— Task —
In the entries that follow, locate the line with "Conical Pepper Seed", then restate that line and all later lines exactly as they appear, leaving pictures out.

++++++++++++++++++++

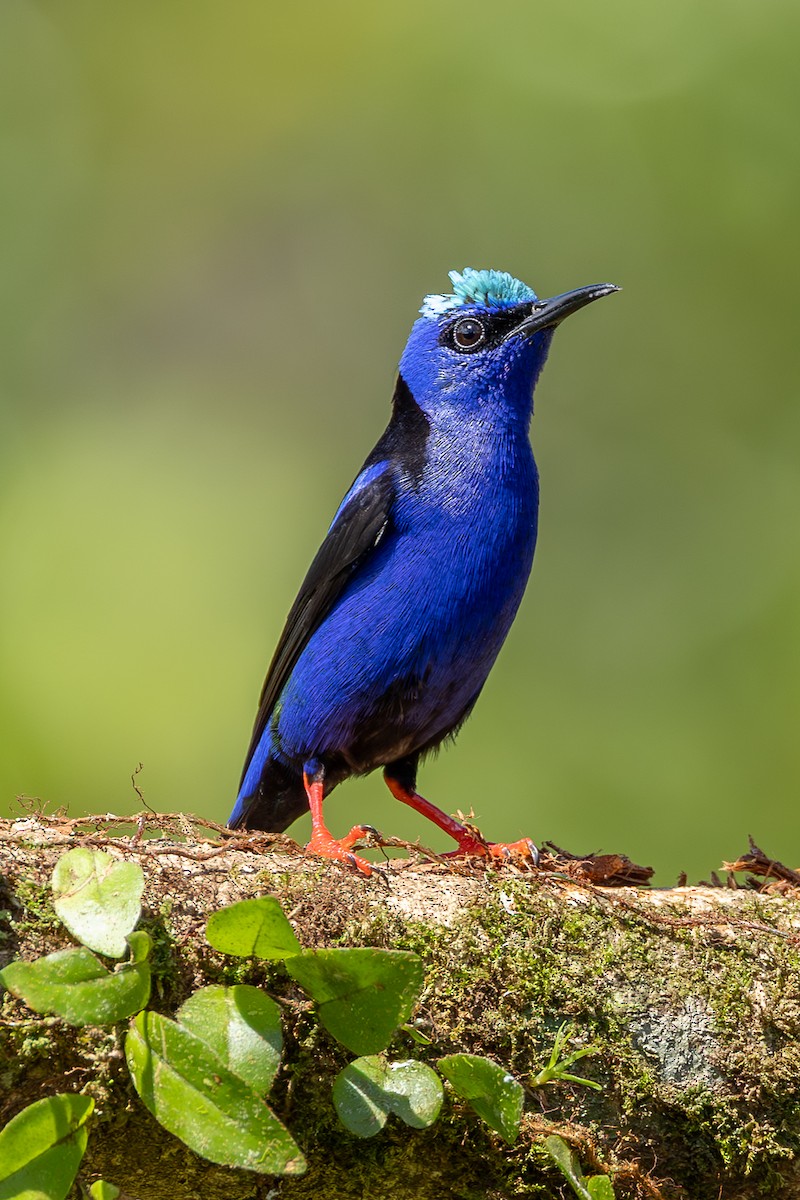 Red-legged Honeycreeper - ML638489467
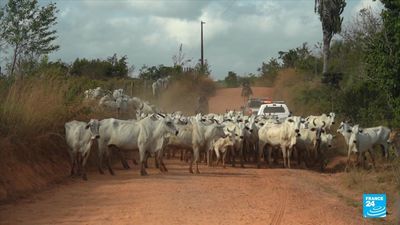 'Cattle laundering' in Brazil: How illegal meat ends up in Europe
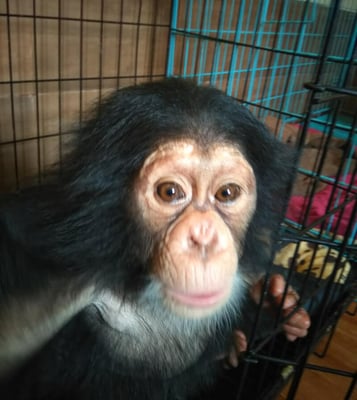 Smuggled chimps wait it out in Kathmandu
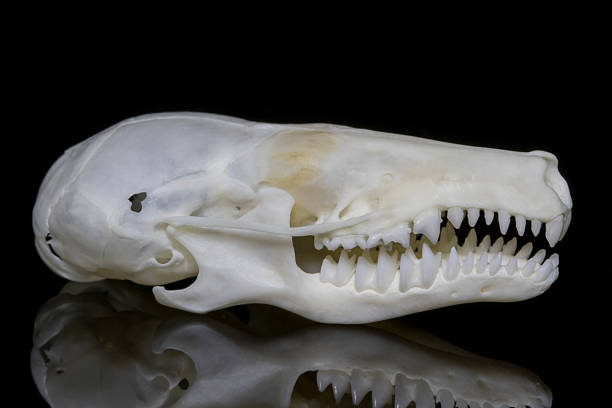 istock Animal Skull on Black Background - Townsend's Mole 619656532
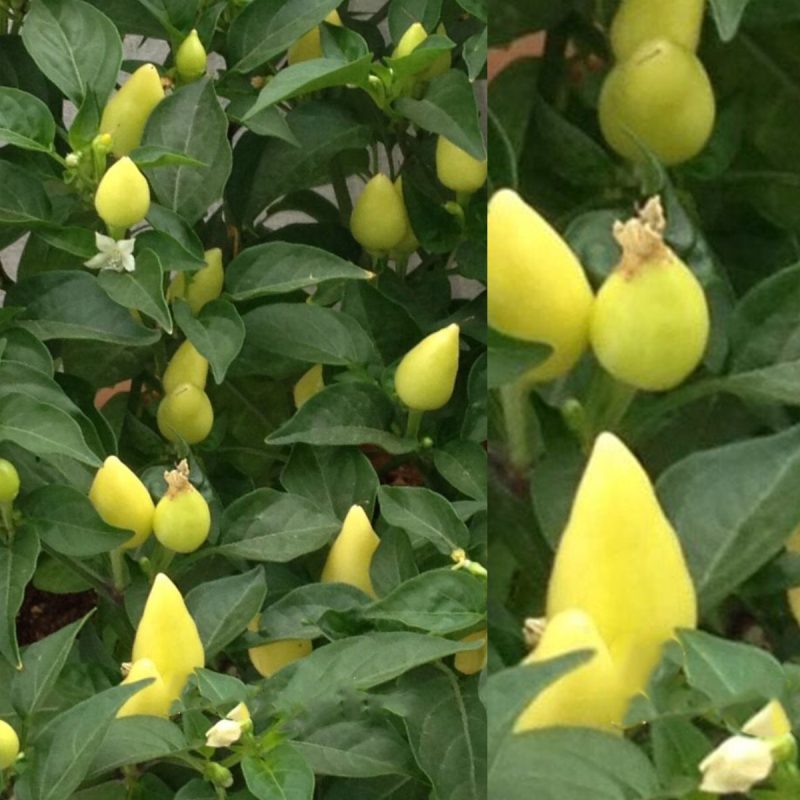 Conical Pepper Seed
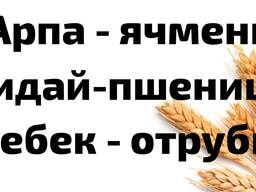 Пшеница, ячмень, отруби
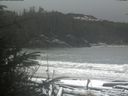 ./images/calvert/beach/20200109/beach20200109_123501.jpg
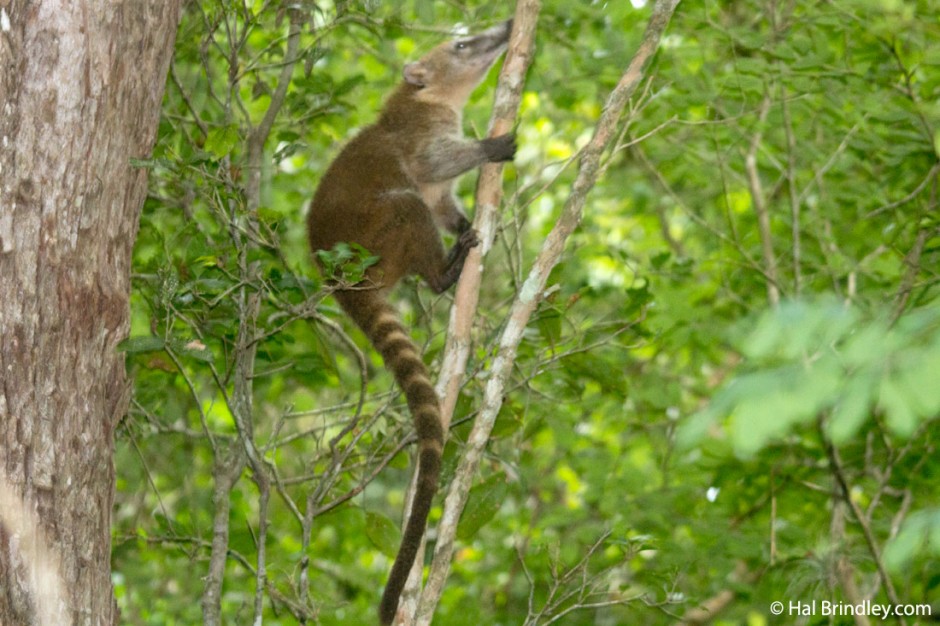 Coati: some of the cutest animals you'll encounter in the forest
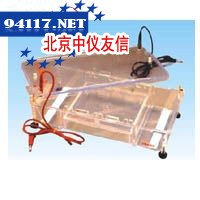 HE99XMax标准型水平电泳仪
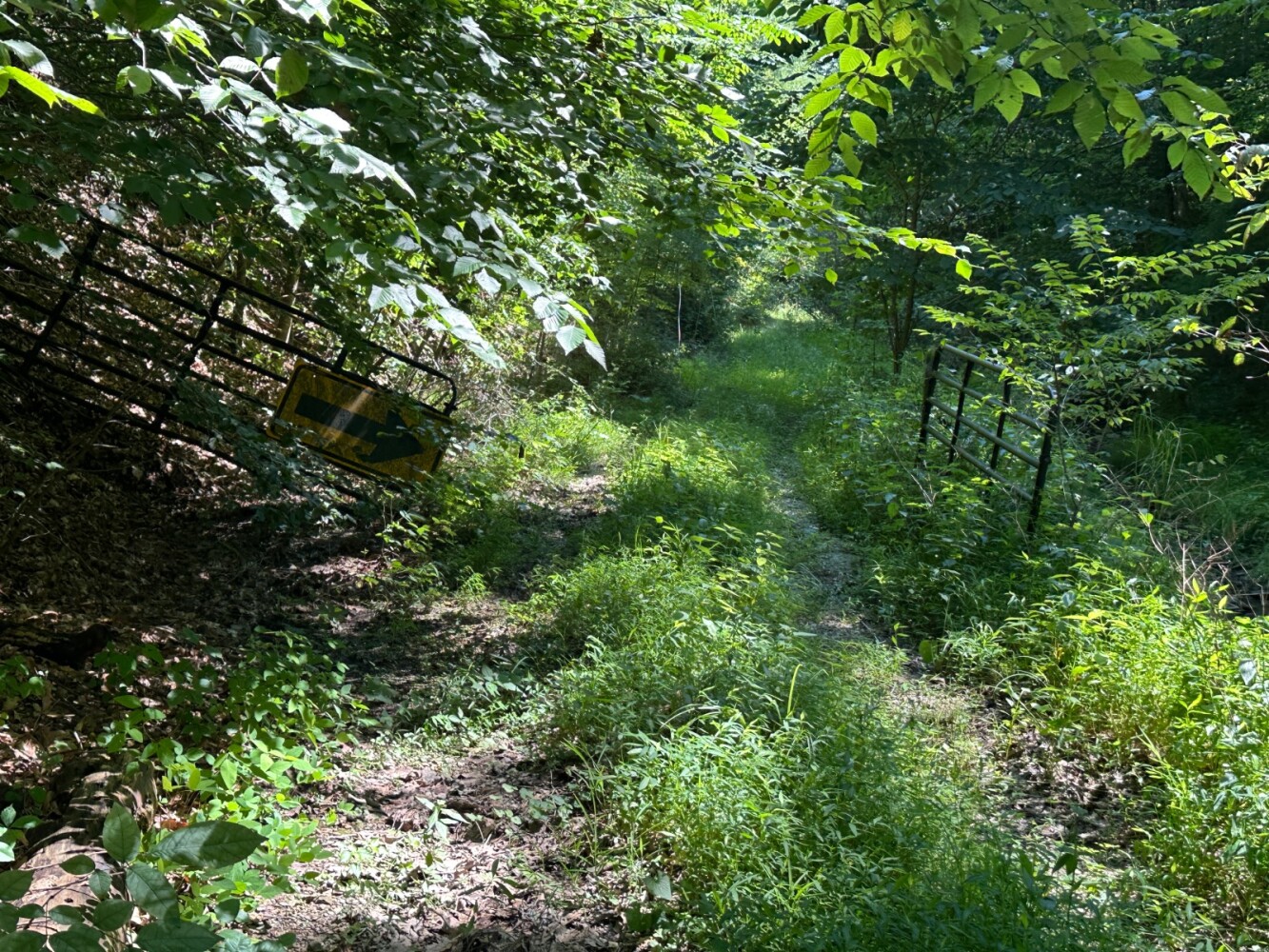 Land for Sale in Casey County, KY (6 of 34)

++++++++++++++++++++

— The answer —
 Conical Pepper Seed
 Пшеница, ячмень, отруби
 ./images/calvert/beach/20200109/beach20200109_123501.jpg
 Coati: some of the cutest animals you'll encounter in the forest
 HE99XMax标准型水平电泳仪
 Land for Sale in Casey County, KY (6 of 34)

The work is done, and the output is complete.